§ AIM OF THE TASK
Your reply should be an exact copy of the lines from the one that holds "What an exquisite" to the end of the data below.

[[ DATA SHOWN, beginning ]]

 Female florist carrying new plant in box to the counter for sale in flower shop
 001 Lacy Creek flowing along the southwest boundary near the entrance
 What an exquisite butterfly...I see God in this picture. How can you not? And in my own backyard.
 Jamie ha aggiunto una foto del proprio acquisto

[[ DATA SHOWN, end ]]

§ ANSWER BOX
 What an exquisite butterfly...I see God in this picture. How can you not? And in my own backyard.
 Jamie ha aggiunto una foto del proprio acquisto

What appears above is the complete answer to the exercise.